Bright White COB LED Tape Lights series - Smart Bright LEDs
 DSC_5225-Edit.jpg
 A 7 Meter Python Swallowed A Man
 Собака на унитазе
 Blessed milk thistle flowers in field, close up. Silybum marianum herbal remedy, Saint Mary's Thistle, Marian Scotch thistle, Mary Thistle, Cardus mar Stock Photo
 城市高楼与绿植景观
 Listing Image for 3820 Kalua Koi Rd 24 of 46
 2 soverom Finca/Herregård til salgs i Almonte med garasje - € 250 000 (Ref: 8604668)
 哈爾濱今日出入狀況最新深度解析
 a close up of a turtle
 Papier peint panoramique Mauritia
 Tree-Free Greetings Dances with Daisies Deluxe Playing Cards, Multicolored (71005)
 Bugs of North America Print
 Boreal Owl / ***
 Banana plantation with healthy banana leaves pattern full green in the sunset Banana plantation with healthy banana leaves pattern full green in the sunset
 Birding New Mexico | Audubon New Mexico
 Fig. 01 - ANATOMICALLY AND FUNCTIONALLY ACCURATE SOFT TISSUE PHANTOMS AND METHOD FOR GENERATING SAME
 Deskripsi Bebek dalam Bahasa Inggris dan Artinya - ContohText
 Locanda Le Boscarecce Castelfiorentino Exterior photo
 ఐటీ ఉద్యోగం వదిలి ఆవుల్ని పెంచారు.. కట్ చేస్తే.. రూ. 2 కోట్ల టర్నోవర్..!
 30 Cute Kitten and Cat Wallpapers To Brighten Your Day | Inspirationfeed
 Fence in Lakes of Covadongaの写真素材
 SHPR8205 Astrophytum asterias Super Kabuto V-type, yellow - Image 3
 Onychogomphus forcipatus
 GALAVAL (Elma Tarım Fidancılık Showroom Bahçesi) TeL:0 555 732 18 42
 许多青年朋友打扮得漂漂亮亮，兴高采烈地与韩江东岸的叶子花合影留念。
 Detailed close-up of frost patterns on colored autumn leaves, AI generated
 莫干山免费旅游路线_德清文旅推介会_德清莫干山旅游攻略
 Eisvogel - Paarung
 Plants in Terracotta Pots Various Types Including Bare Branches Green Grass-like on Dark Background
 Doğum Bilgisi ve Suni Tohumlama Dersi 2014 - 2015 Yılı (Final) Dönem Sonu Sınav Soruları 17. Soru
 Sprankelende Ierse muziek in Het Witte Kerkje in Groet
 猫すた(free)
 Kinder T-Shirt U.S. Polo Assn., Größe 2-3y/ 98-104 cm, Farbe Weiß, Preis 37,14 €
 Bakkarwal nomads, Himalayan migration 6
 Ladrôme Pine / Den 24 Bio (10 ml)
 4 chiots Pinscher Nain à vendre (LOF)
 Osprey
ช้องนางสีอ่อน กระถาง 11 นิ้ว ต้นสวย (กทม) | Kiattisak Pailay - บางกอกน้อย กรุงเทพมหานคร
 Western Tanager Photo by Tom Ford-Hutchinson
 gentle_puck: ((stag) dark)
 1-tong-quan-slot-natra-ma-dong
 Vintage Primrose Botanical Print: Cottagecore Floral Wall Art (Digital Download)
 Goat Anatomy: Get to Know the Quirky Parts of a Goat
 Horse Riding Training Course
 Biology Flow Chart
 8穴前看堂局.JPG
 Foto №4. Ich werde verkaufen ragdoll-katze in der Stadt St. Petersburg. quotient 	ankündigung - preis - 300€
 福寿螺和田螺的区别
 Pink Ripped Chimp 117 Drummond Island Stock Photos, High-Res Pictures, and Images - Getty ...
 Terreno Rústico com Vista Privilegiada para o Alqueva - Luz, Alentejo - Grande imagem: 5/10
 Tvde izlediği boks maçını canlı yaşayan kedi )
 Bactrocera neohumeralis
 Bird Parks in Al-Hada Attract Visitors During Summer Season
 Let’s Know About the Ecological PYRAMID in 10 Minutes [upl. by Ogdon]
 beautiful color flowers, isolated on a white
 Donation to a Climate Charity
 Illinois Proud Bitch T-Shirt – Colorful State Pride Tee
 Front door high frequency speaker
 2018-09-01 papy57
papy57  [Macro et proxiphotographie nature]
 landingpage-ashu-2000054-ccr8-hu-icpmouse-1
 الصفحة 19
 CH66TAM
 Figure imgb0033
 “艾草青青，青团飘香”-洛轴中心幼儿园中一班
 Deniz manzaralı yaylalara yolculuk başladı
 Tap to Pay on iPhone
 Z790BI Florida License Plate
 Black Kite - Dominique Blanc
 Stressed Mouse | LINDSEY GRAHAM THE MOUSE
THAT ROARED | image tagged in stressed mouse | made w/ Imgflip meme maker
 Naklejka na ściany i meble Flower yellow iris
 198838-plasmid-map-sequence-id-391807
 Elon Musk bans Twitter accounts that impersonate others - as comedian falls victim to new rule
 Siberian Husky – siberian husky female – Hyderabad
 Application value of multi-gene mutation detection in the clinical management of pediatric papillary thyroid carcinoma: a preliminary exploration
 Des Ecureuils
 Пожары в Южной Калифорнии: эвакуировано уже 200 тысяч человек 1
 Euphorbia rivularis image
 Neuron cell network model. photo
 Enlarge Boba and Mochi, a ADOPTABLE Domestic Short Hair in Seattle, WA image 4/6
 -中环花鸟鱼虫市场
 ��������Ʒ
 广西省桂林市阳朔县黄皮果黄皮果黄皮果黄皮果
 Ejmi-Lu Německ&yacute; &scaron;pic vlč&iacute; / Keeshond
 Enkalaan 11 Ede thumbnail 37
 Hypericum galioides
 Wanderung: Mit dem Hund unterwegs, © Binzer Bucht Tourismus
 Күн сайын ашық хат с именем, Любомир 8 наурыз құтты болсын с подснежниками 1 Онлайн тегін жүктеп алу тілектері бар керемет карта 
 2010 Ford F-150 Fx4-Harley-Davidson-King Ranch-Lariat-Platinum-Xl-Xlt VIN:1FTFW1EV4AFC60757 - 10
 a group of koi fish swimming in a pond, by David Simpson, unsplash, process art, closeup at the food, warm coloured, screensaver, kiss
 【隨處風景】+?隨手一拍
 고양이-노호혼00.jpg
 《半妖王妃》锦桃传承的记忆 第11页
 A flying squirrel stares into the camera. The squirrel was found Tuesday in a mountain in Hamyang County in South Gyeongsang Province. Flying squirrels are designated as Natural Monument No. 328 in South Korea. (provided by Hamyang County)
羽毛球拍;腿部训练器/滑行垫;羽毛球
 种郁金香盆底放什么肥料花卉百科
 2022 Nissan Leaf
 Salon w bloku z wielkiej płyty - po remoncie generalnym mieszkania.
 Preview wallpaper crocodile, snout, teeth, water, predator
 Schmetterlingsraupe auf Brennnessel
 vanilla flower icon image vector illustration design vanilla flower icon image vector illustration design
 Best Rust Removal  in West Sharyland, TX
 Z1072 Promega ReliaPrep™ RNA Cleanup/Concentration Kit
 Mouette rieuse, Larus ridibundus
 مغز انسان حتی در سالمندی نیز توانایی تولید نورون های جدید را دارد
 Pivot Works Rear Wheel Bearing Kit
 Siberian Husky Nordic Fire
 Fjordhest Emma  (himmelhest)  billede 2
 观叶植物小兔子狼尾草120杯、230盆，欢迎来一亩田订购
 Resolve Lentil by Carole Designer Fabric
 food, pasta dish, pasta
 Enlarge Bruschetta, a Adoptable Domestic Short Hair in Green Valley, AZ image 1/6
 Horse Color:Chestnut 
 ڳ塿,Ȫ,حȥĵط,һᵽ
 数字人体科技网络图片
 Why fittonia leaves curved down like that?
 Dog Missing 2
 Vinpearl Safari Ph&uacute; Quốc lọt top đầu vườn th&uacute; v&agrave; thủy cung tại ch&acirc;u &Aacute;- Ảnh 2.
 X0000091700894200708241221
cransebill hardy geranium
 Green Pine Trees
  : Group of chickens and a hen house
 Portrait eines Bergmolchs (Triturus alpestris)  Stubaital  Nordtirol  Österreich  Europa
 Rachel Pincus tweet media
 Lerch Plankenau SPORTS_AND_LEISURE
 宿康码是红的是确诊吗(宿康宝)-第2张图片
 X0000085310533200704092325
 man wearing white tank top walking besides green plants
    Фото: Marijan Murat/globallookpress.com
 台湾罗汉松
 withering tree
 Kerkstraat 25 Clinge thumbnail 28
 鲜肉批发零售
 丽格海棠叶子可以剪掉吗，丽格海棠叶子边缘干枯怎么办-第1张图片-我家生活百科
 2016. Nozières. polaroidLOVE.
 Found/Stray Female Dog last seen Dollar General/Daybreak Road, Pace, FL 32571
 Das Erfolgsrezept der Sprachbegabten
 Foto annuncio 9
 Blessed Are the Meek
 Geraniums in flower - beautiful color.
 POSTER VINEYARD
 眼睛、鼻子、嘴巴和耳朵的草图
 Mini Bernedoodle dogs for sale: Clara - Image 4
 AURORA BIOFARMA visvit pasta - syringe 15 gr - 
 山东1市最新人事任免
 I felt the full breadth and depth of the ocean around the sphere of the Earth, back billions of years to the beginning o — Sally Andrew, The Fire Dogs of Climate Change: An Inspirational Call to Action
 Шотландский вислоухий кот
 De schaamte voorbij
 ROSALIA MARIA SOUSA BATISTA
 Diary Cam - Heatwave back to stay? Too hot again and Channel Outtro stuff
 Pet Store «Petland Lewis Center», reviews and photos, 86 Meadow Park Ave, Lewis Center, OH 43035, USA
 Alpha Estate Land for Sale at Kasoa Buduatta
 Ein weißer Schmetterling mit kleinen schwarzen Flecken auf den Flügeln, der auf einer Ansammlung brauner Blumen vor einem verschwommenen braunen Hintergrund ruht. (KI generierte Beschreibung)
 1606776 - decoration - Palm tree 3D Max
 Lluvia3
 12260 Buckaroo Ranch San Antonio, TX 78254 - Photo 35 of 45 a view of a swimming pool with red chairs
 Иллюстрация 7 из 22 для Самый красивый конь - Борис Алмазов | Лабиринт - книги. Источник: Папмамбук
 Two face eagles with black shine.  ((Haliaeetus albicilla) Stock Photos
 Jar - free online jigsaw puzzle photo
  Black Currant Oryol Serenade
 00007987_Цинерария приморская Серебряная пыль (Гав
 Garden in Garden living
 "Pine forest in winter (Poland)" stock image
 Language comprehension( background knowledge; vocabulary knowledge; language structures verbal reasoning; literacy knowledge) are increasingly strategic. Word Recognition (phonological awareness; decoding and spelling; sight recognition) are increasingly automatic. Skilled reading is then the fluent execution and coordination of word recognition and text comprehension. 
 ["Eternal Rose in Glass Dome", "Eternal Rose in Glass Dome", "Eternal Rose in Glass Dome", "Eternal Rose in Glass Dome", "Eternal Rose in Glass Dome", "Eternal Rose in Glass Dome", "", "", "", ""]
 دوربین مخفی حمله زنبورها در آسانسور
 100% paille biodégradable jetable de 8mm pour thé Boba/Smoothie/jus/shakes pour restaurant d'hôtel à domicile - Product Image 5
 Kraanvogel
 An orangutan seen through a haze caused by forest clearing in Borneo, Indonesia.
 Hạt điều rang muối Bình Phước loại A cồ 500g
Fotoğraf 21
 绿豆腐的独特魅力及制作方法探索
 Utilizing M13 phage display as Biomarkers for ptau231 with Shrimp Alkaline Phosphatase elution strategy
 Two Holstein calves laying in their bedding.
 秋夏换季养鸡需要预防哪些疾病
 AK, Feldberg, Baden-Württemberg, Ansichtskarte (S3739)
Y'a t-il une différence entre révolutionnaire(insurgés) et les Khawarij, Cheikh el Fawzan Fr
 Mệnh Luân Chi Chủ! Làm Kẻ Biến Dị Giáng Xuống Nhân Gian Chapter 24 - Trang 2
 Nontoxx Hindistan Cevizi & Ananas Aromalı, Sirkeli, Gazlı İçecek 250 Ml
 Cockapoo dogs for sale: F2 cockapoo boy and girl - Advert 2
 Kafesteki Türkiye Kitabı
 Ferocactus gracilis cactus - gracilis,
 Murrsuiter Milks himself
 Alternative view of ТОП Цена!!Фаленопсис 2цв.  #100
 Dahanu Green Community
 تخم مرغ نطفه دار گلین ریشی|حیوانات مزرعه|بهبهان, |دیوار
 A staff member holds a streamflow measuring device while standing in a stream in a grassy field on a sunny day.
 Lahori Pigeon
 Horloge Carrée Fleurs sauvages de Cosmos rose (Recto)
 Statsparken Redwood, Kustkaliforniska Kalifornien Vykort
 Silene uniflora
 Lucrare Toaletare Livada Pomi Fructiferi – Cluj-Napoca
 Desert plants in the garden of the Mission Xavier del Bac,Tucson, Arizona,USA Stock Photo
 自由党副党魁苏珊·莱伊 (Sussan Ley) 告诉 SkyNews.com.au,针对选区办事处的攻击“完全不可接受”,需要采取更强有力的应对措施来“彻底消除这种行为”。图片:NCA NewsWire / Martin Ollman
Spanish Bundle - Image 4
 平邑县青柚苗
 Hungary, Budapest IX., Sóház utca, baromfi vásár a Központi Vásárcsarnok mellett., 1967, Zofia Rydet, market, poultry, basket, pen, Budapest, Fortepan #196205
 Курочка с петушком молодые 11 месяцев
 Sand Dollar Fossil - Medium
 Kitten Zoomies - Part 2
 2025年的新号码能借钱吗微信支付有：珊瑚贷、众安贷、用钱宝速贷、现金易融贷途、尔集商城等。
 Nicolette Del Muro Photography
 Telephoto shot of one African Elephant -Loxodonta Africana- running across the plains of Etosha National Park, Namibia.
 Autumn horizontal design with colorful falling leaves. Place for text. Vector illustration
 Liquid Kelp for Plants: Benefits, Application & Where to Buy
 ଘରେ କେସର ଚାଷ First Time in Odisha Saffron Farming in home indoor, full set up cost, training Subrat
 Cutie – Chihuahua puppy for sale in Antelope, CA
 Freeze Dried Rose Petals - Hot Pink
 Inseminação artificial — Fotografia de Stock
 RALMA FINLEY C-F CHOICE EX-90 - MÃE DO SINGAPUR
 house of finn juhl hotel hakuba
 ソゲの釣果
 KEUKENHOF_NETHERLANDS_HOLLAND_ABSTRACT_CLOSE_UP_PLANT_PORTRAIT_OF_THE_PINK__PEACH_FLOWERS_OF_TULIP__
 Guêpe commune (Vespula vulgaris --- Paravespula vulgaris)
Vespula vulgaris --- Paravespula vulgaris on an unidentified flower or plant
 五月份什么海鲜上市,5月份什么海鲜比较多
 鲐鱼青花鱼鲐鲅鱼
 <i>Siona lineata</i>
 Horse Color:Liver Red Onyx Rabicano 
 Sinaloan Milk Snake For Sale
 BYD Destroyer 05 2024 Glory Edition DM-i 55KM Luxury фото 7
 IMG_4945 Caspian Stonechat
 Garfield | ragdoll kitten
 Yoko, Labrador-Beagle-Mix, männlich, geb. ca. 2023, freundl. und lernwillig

__TASK PROMPT__. Quote the data above from the line containing "Inseminação artificial — Fotografia de Stock" to the line containing "Guêpe commune (Vespula", inclusive, and stop.

__THE ANSWER__.
 Inseminação artificial — Fotografia de Stock
 RALMA FINLEY C-F CHOICE EX-90 - MÃE DO SINGAPUR
 house of finn juhl hotel hakuba
 ソゲの釣果
 KEUKENHOF_NETHERLANDS_HOLLAND_ABSTRACT_CLOSE_UP_PLANT_PORTRAIT_OF_THE_PINK__PEACH_FLOWERS_OF_TULIP__
 Guêpe commune (Vespula vulgaris --- Paravespula vulgaris)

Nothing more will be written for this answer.